▶ Work to complete
Search the data for the word "Winter" and copy out every line that has it.

▶ Data records

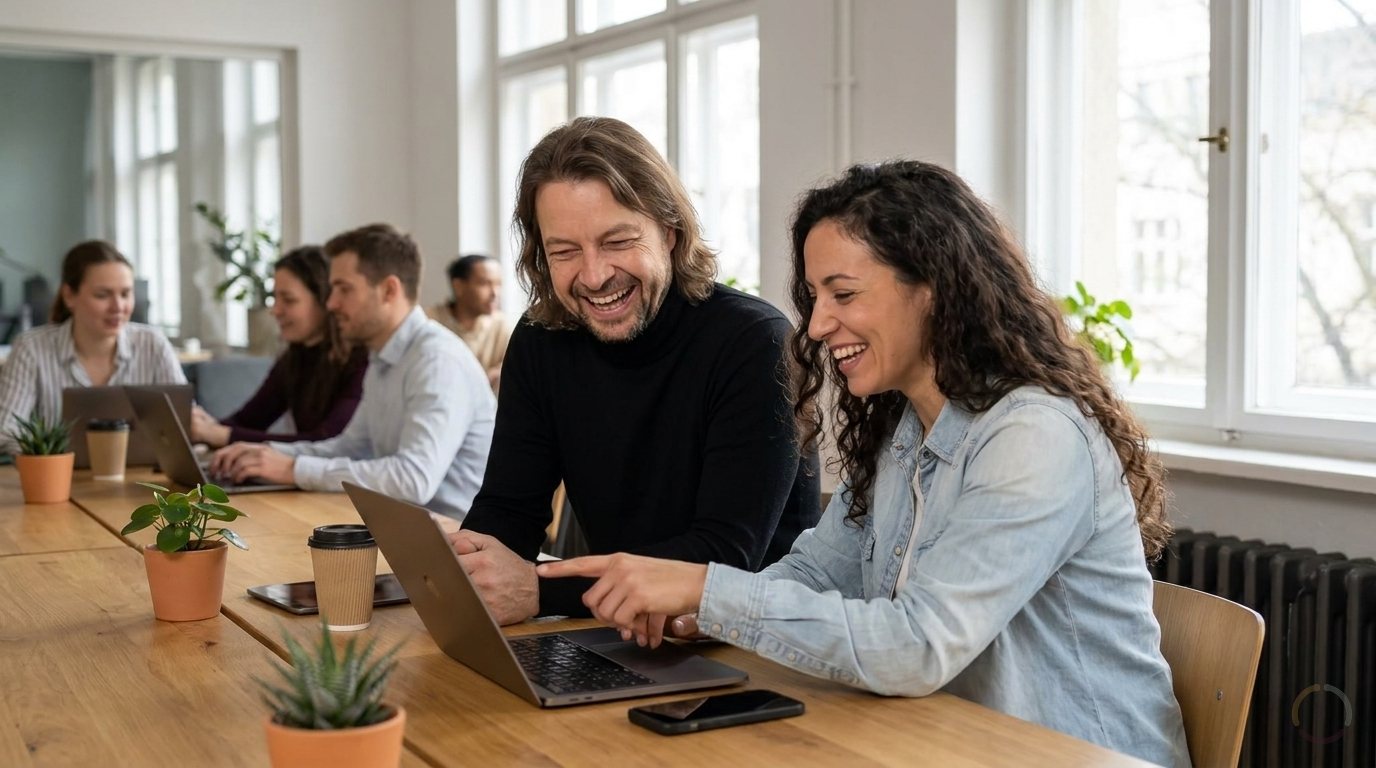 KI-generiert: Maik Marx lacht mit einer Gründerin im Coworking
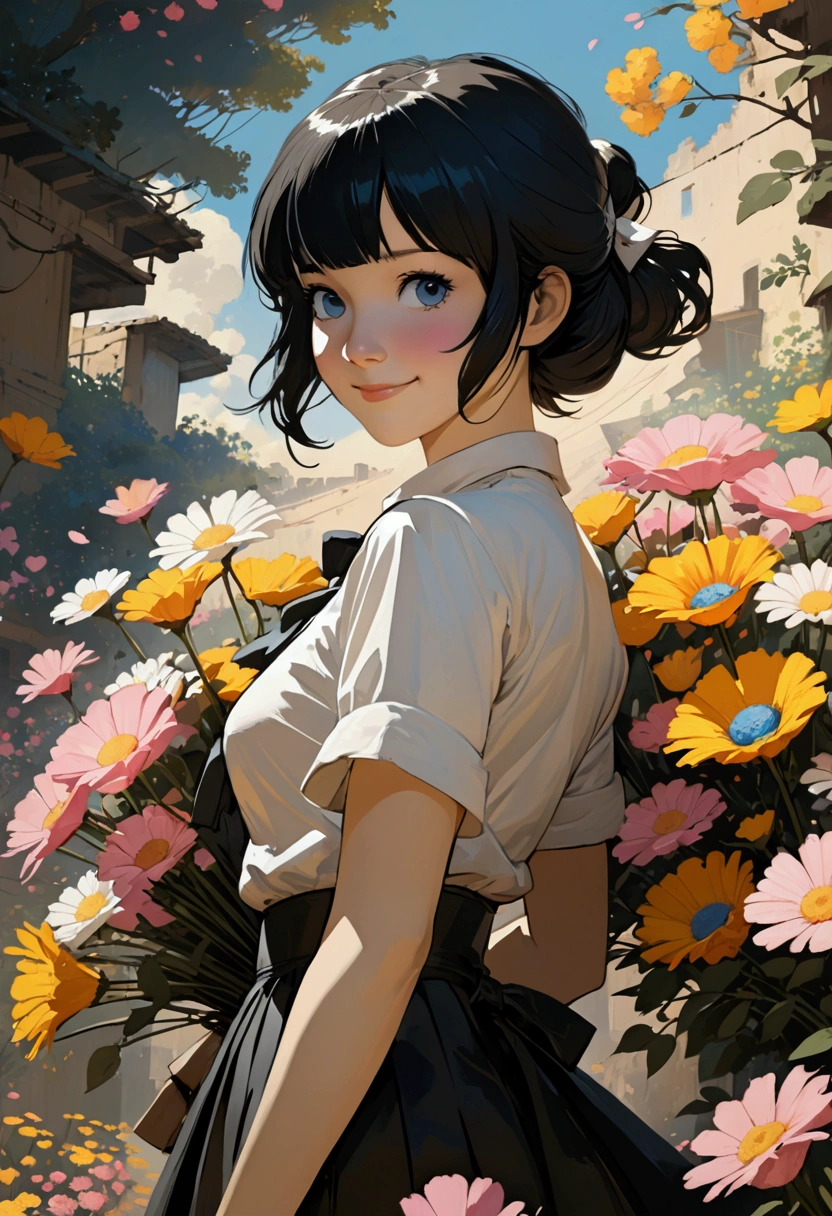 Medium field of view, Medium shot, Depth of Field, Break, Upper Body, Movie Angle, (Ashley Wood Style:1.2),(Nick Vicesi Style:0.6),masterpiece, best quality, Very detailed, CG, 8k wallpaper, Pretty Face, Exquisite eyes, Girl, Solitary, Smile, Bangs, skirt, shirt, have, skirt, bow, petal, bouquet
--
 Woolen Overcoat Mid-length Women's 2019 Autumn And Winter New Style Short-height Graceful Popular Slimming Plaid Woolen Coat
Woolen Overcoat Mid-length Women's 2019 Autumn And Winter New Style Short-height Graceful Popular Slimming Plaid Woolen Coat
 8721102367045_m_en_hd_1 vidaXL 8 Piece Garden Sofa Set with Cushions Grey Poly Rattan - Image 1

▶ Solution to this exercise
 Woolen Overcoat Mid-length Women's 2019 Autumn And Winter New Style Short-height Graceful Popular Slimming Plaid Woolen Coat
Woolen Overcoat Mid-length Women's 2019 Autumn And Winter New Style Short-height Graceful Popular Slimming Plaid Woolen Coat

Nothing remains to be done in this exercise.